Former New York City Mayor Rudy Giuliani said Sunday that he recently witnessed an elderly man with a high fever arrive at Mount Sinai Hospital, “and the first thing they did before they even talked to him was give him hydroxychloroquine.”

“Why is the governor banning it?” asked Mr. Giuliani, President Trump’s personal lawyer, on “Sunday Morning Futures.” “Everything shows that it works.”

Touted by Mr. Trump, hydroxychloroquine has touched off a heated political and medical debate over whether it should be widely prescribed to fight the pandemic, with opponents arguing that the drug is unproven in treating COVID-19.

Mr. Giuliani said that “there’s a dispute as to whether it treats symptoms or cures the disease. But it works. And we don’t have the luxury right now for a perfect solution.”



In a March 23 executive order, Mr. Cuomo barred pharmacists from filling prescriptions for chloroquine or hydroxychloroquine, its next-generation derivative, except for FDA-approved uses, such as for treating malaria or lupus, or as part of clinical trials for COVID-19.

The next day, the Democratic governor announced that the Trump administration and FDA had accelerated deliveries of the drug to New York for experimental therapies aimed at treating the novel coronavirus, adding that “hospitals will start using that drug today.”

He followed up March 27 by amending his order to allow the drug to be prescribed for “patients in inpatient settings and acute settings; for residents in a subacute part of a skilled nursing facility; or as part of [a] study approved by an Institutional Review Board.”

 

 

 

As Mr.

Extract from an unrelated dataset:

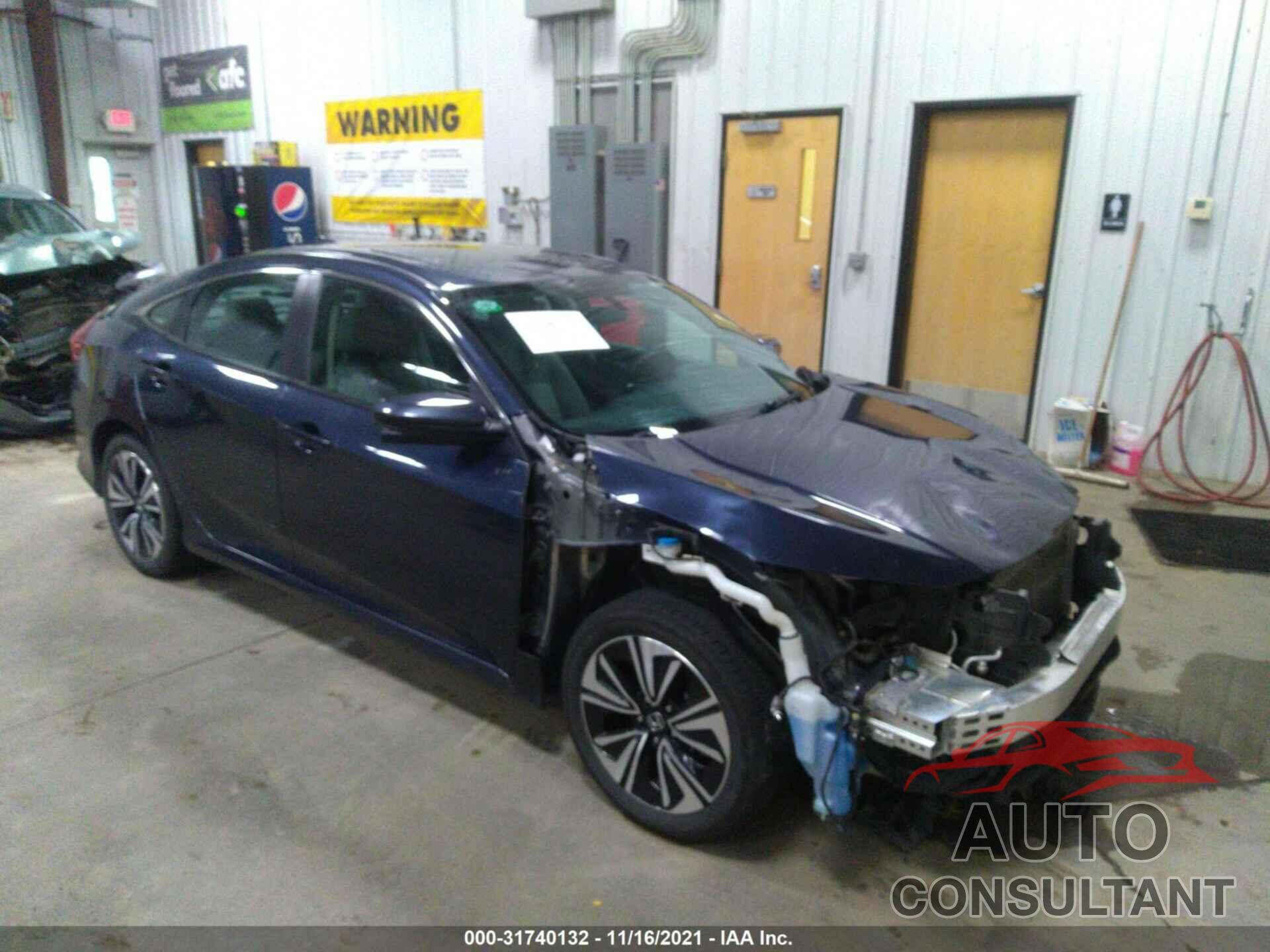 HONDA CIVIC SEDAN 2016 - 19XFC1F31GE034197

Trump continues to champion the drug—he said Saturday that he may begin taking it himself to ward off the virus—Fox News host Sean Hannity asked why New York doctors cannot prescribe it outside a hospital setting.

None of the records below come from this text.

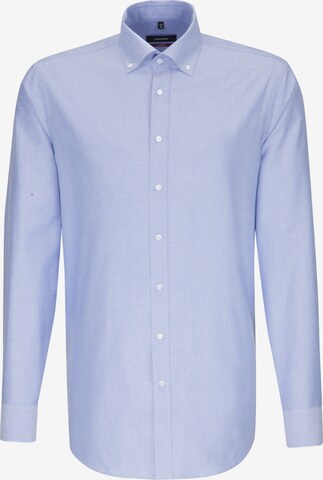 SEIDENSTICKER Button Up Shirt in Blue: front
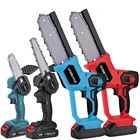 Электрическая пила 4 дюйма6 дюймов8 дюймов, мини-резаки для дерева, кронштейн двигателя для аккумулятора 18 в, 500 обмин, цепной электроинструмент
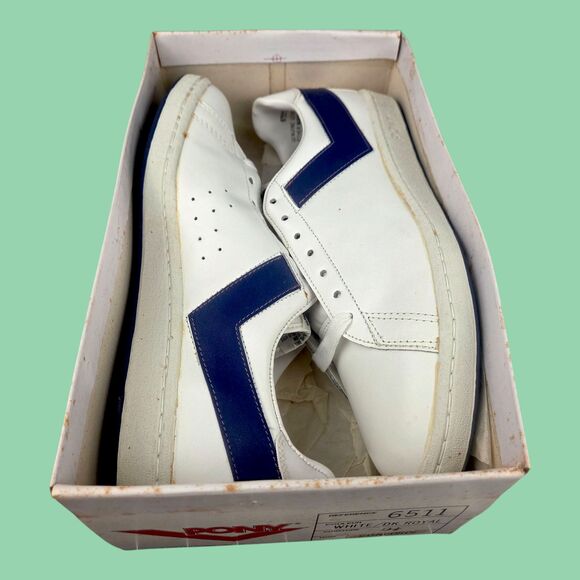 Vintage 1979 Pony Concorde Sneakers White/Dk. Royal 6511 Men\'s Size 9.5 NOS READ main image 14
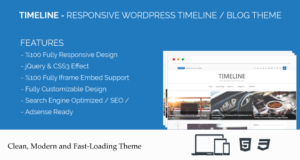 Timeline – Responsive WordPress Timeline / Blog Layout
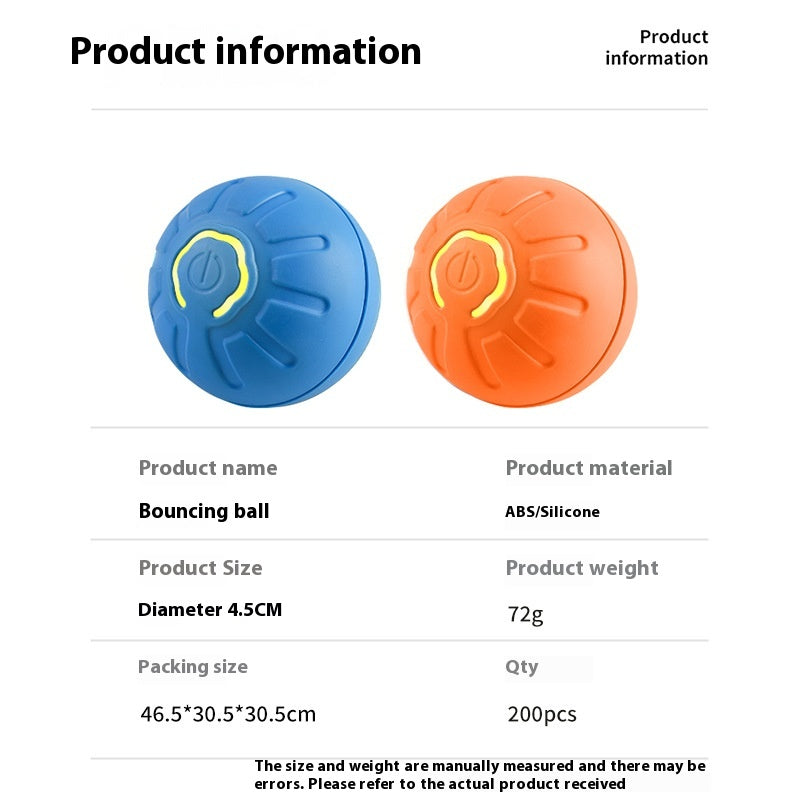 Balle Jouet Connectée pour Chien, Jouet Électronique Interactif pour Animal de Compagnie, Balle Mouvante USB Automatique Rebottissante pour Chiot, Cadeau d'Anniversaire, Produit pour Chat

“I live on Long Island and many doctors are telling me that they want to prescribe this medication to their patients who test positive for COVID-19 – the disease caused by the coronavirus – but do NOT need the patient to come to a hospital,” Mr. Hannity said in a Saturday op-ed. “However, Cuomo’s executive order forbids pharmacies from filling the prescriptions.”

He said that Mr. Cuomo “is creating a much bigger crisis in his state’s hospital system by denying New Yorkers THE CHOICE (in consultation with their doctors) to take this potentially life-saving medication.”

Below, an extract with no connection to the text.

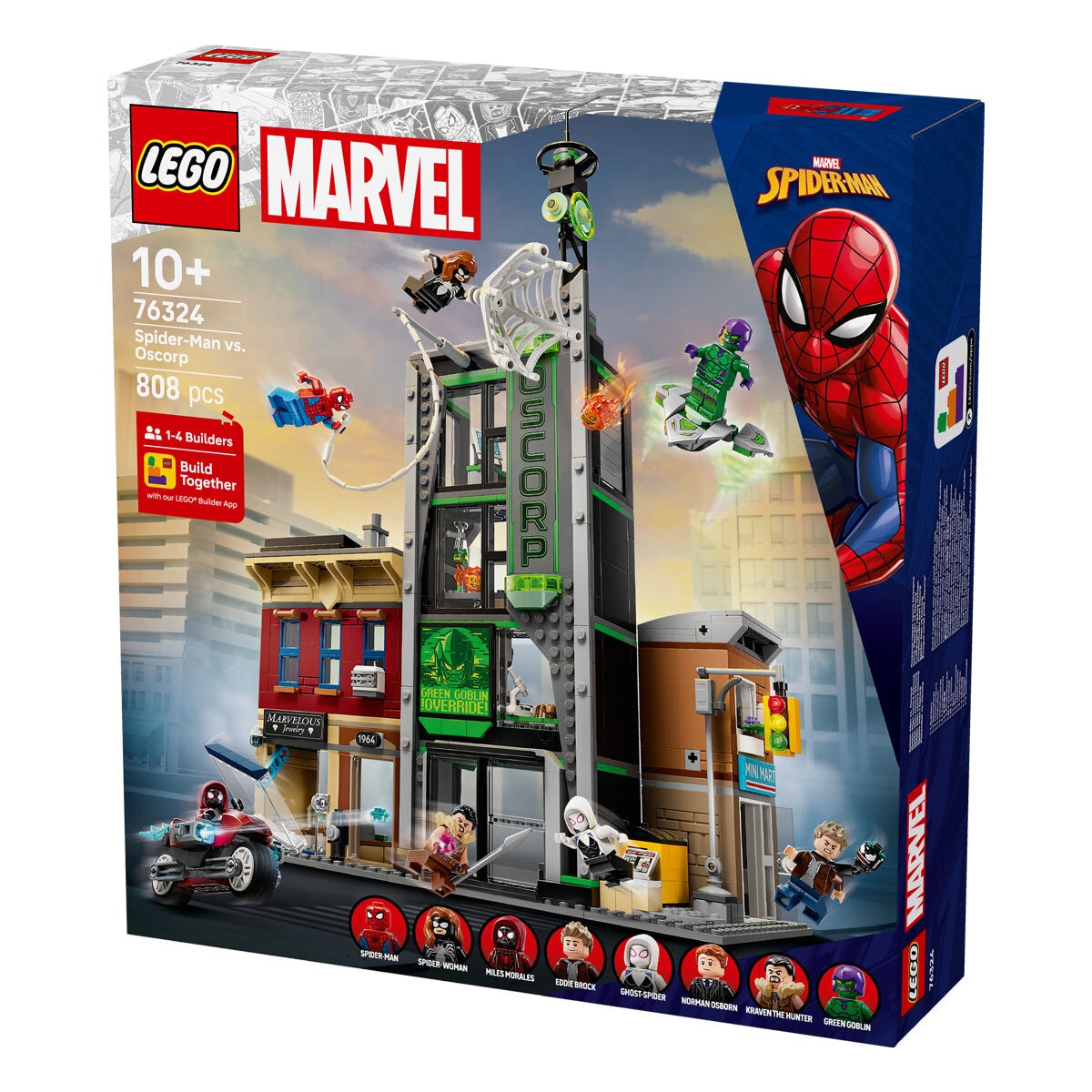 LEGO Super Heroes Spider-man vs Oscorp - Model 76324 (10+ Years)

New York has become ground zero in the United States for COVID-19, with Mr. Cuomo reporting Sunday 122,031 cases and 4,159 deaths. More than 330,000 cases have been reported nationwide, with nearly 9,500 deaths.

The Washington Times has reached out to the New York governor’s office for comment.

The FDA issued Monday an emergency-use authorization for hydroxychloroquine and chloroquine for treating the novel coronavirus. Early initial studies out of France and China indicate the drug has been effective in helping patients recover, although the sample sizes were too small to be statistically significant.

A Sermo survey released Thursday of doctors in 30 countries found that hydroxychloroquine was the highest-rated drug for treating the virus, followed by the antibiotic azithromycin.

Before the FDA’s emergency authorization, at least 11 states had issued restrictions on the dispersal of hydroxychloroquine for treating COVID-19, citing concerns about stockpiling that could result in shortages for lupus and arthritis patients, according to the National Academy for State Health Policy.

“Other states are expected to – and may have already implemented – similar limits on dispensing or other guidance regulating the use of these drugs in the fast-moving world of protecting consumers and the supply of drugs during the COVID-19 pandemic,” said the academy in a March 30 statement.

In Michigan, the Department of Licensing and Regulatory Affairs warned in a March 24 letter that “administrative action” could be taken against doctors who hoard or prescribe the drugs for COVID-19. A week later, Gov. Gretchen Whitmer requested supplies of hydroxychloroquine from the strategic national stockpile.

At Saturday’s press briefing, Mr. Trump said 29 million doses would be directed to the national stockpile.

“I may take it. I’ll have to ask my doctors about that. But I may take it,” Mr. Trump said.